L’approche propriétariste se développe aussi en réaction contre la ligne de pensée «Law & Economics», qui pose la «réciprocité» dans la pollution et insiste sur l’analyse coût/bénéfice totale, ouvrant la voie à la sacralisation de la maximisation du bien-être social, qui vient à faire l’équation entre justice et efficience. Autant d’idées très problématiques pour un véritable propriétariste, puisque toute la dimension de principe de la propriété est assez rapidement évacuée, au profit d’un calcul d’ingénierie sociale.

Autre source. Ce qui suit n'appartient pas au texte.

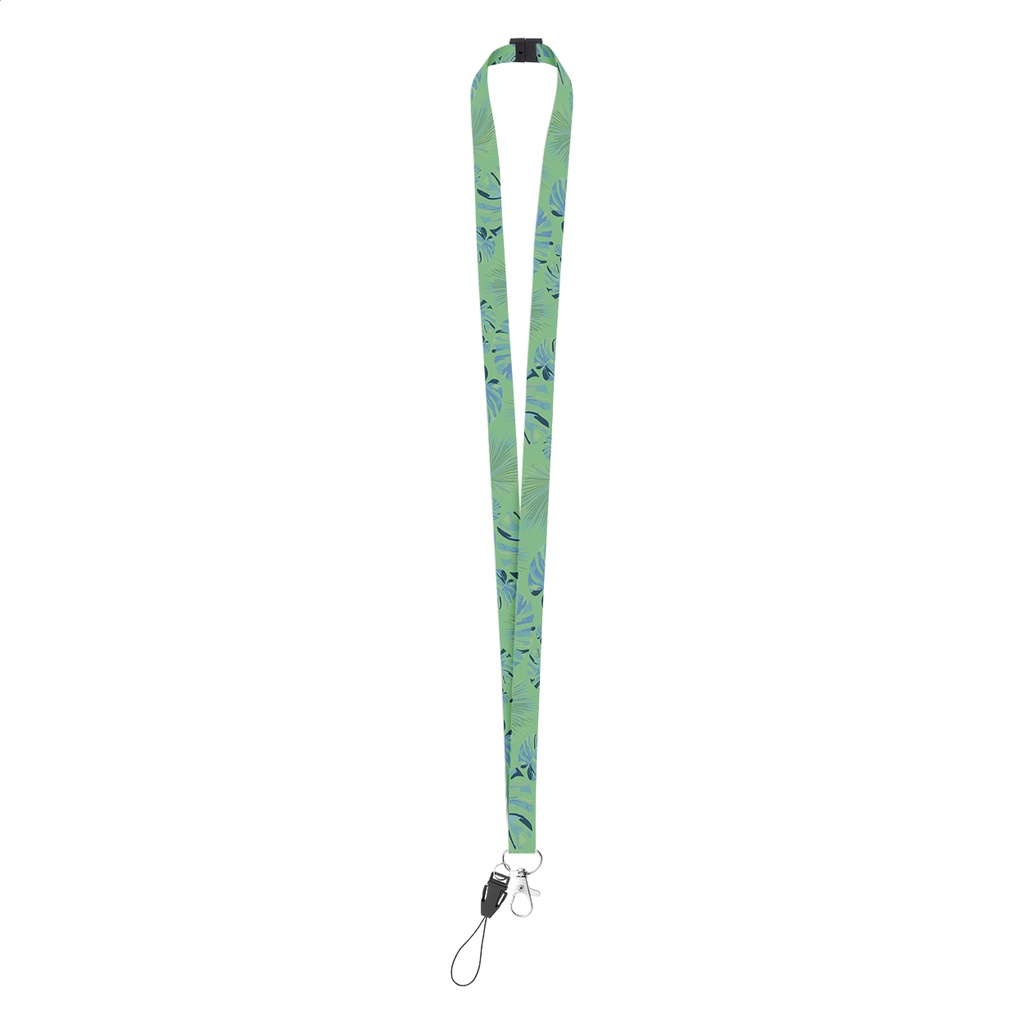 Custom Sublimation Lanyard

Tout le propos de l’approche propriétariste est de réinsuffler de la responsabilité dans les questions d’environnement, notamment par l’outil de la propriété - et de la responsabilité qui lui est consubstantielle. Un propriétaire a un intérêt à la fois à ne pas polluer sa propriété et à empêcher les autres propriétaires de la polluer, comme ces derniers ont un intérêt à l’empêcher de polluer la leur. Une règle de la responsabilité civile relativement stricte fournit des incitations pour les pollueurs potentiels à être beaucoup plus précautionneux et s’ingénier à trouver des solutions non polluantes.
L’approche propriétariste fait cependant face à certaines limites, notamment en Afrique.
La question de l’appropriation est centrale. Sur un plan technique, il faut rappeler que l’évolution technologique permet l’évolution juridique, non seulement en termes de barrières physiques pour «propriétariser» une ressource en restreignant son accès (par exemple pour les éléphants), mais aussi en termes de traçabilité des pollutions pour traquer les responsables. Mais les choses ne sont pas toujours simples et le coût de ces «enclosures» et de leur surveillance n’est pas négligeable : qui va pouvoir payer dans des pays pauvres ?
Sur un plan institutionnel, les choses sont aussi problématiques. Les propriétaristes doivent s’inspirer des travaux d’Elinor Ostrom : les cas de «privatisation par le haut» comme de «réglementation par le haut» peuvent mener à des catastrophes. L’absence d’une justice indépendante faisant respecter la règle de la responsabilité est évidemment ici au cœur du problème. Si l’appropriation permet l’émergence d’un capitalisme de connivence entre politiques et propriétaires-pollueurs, elle perd totalement son intérêt.
Ensuite, l’importation de modes de propriété allogènes dans un ordre institutionnel local peut conduire à un «clash institutionnel» entre règles locales et importées, semant la confusion juridique et empêchant en définitive toute clarté et donc toute responsabilisation. La grande leçon africaine, c’est qu’il n’y a pas «un» mode de propriété – celui de la propriété individuelle – comme solution propriétariste. La propriété en commun peut fonctionner si on maximise la responsabilisation des acteurs et qu’on s’adapte au mieux aux conditions institutionnelles et techniques locales. L’approche est résolument décentralisée, «bottom up». Elle insiste sur le rôle des barrières permettant l’exclusion de la ressource, sur l’existence de règles internes à la communauté pour gérer la ressource, sur le caractère local de ces règles et de la capacité à gérer les resquilleurs. En dépit de ses limites, l’approche propriétariste offre un potentiel non négligeable en Afrique.